Irina walked right in and sat down at an old Formica two-top. I pulled out a ripped vinyl chair, sat across from her, and looked at the almost-empty squeeze bottle of ketchup, cracked bottle of Tabasco, and rusty silver napkin holder with no napkins left. Mickey’s would have to give up the title for Worst Dive.

The bar was a plank of wood against the wall, and it was covered with jars of weird floating things: pickles, eggs, and some scary white blobs. “Feet” was written on the white blob jar in black marker. The ground was full of ashes and peanut shells, and there were old playbills on the wall, and a “Wanted” poster from like a hundred years ago.

“You gonna have to come up here to order,” called a high-pitched old man’s voice. “I ain’t leaving the bar.”

“You bring back the menus. I’ll save our table,” said Irina, grinning.

I gave her a look and headed to the bar. There’s nothing like a crowd of four-hundred-pound leathery dudes going silent as you walk up to make you want to turn around and get the hell out.

“You old enough to be in here?” said the bartender. I could see him now, a tiny shriveled guy with a dirty white beard and bright blue eyes. He was wearing a flannel shirt and one of those crazy string ties with a chunk of turquoise on it.

I pulled out my ID and slid it across the bar, but he waved it away. “Just had to ask.
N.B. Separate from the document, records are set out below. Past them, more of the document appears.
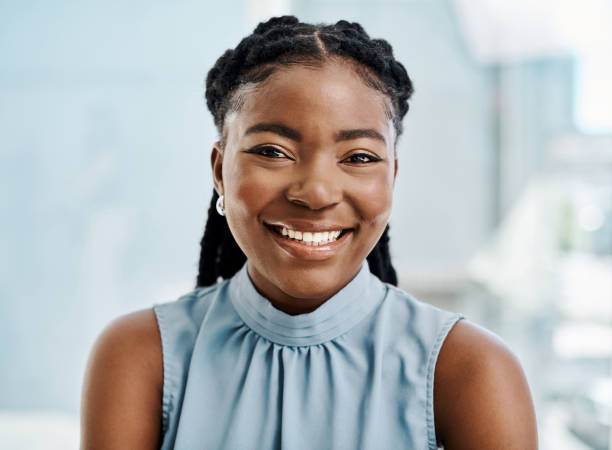 Nneka Edward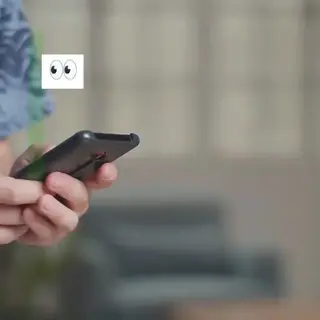 I Will Create an Engaging UGC Video for Your Brand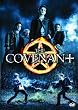 ���j�[�E�n�[���� �R�x�i���g �����~�� [DVD]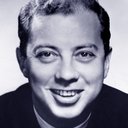 Cy Coleman als Self (uncredited)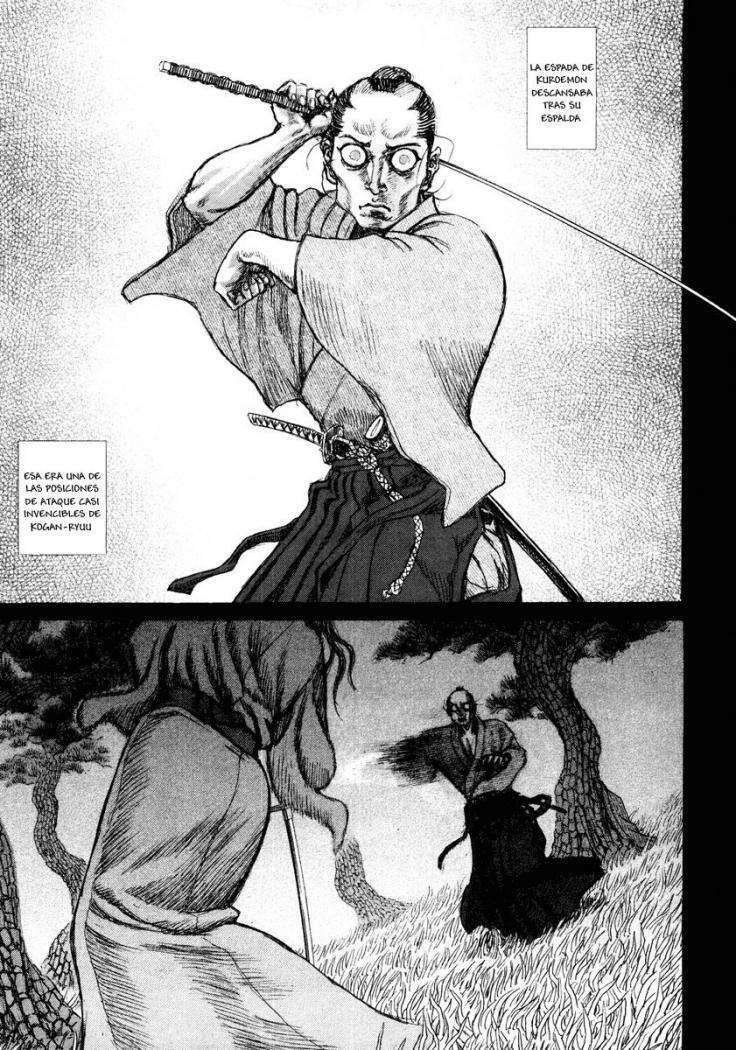 Capitulo 18 page 29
What you having?”

“A shot of Jack and . . .” I glanced at Irina. If I asked her, she might say Coke or something, and that was no fun. What did girls like? There was that orange drink my mom used to have. “A tequila sunset,” I told the bartender. “Do you have a menu?”

“Nope. We got wings and fries. Which you want?”

“Two of each.”

The bartender sloshed my whiskey into a big glass, way more than a shot’s worth, and pushed it across the bar. Then he made the tequila sunset with a dirty juice hose and a heavy hand on the tequila.
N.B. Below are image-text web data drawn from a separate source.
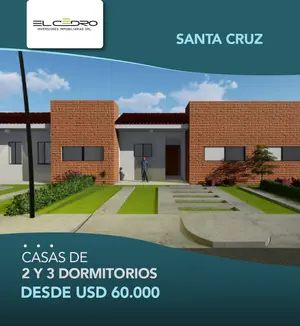 casas para reformar santa cruz InfoCasas Bolivia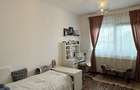 Apartament cu 3 camere decomandat în Braytim - 19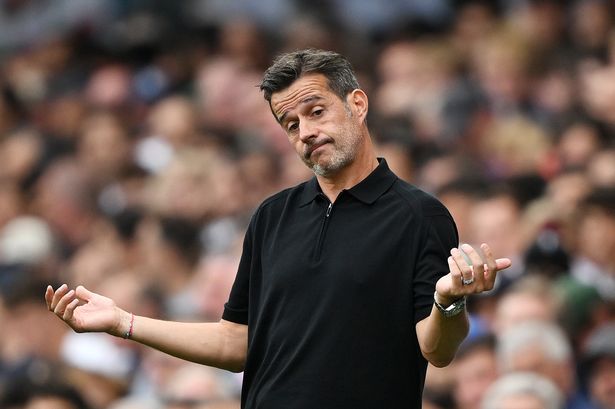 Fulham vs Leeds United preview, team news and predicted lineup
“Food be out in a minute,” he told me. The bikers hadn’t said a word the whole time, and it was giving me the willies. I carried our drinks back to the table and sat down.

“What’s this?” Irina looked suspiciously at her orange drink. She took a tiny sip and made a horrible face. “It’s sweet.”

“Sorry. I thought girls liked sweet stuff.”

“You could have asked.” Irina took my Jack and shoved the tequila sunset in front of me. “Now you have to drink it.”

“But—”

“I’m Russian. Russians don’t drink cough syrup.”

There was a rumble of laughs from the bar, and I realized the bikers had been listening. One of them lifted his beer to me. I grinned at him, then took a sip of tequila sunset. A little cough syrup wouldn’t kill me.

Irina frowned. “You’re not even going to toast?”

“Oh, sorry. To our trip.”

She clinked glasses with me—and knocked back that shot like water. One of the bikers hooted, and I stared at her. She’d pretty much torched my idea of her as an innocent, sheltered girl. “Whoa, Irina! That was a lot of straight whiskey!”

Irina pushed the glass toward the middle of the table. “Russians can drink,” she said matter-of-factly. But there was a proud look in her eye, and I had a feeling she was just showing off. The only other time I’d seen her with alcohol, at Morton’s party, she’d ditched it on a bookshelf.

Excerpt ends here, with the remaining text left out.